▶ [Recorded data]:
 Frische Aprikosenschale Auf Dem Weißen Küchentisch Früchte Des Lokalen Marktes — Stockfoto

* * *

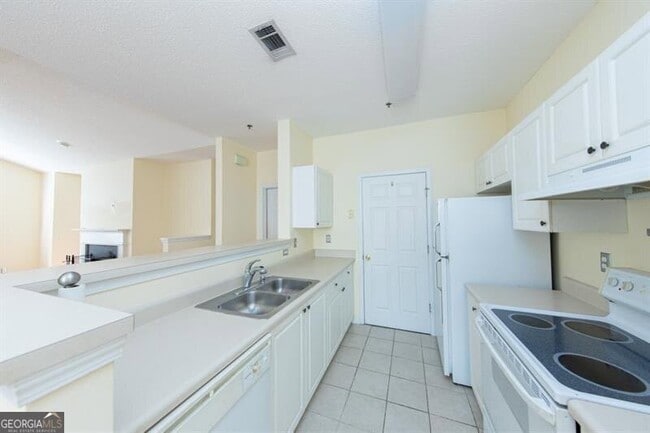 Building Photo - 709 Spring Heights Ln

...

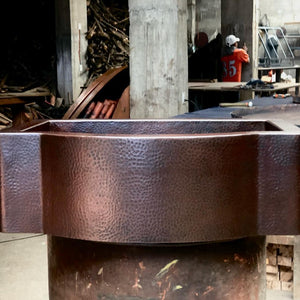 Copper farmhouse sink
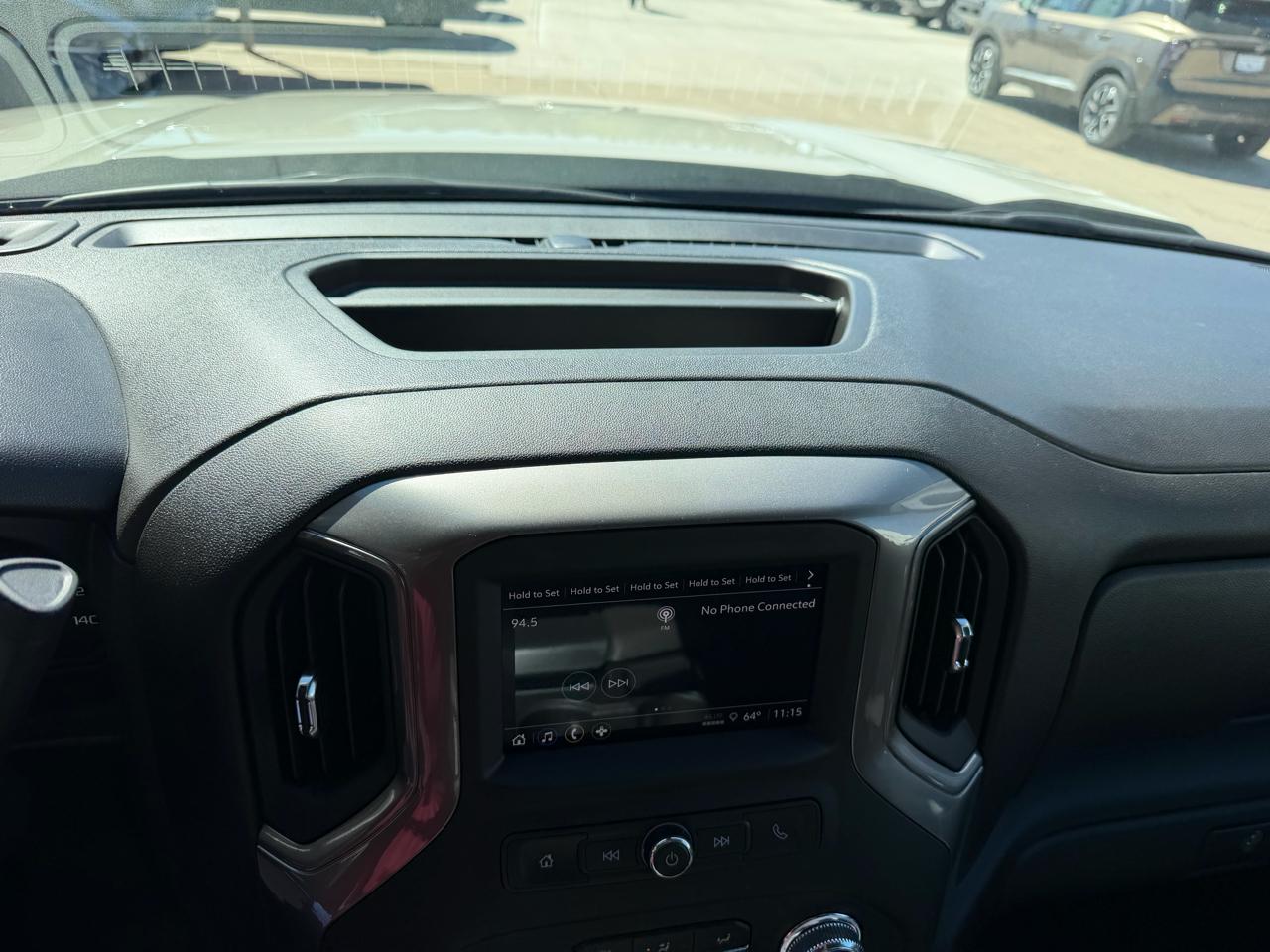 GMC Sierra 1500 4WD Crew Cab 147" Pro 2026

▶ [What the task asks]: In the data above, find the line containing "Copper farmhouse sink" and the line containing "GMC Sierra 1500". Copy exactly the stretch from the first through the second, both included, leaving out any picture.

▶ [Response to the exercise]:
 Copper farmhouse sink
 GMC Sierra 1500 4WD Crew Cab 147" Pro 2026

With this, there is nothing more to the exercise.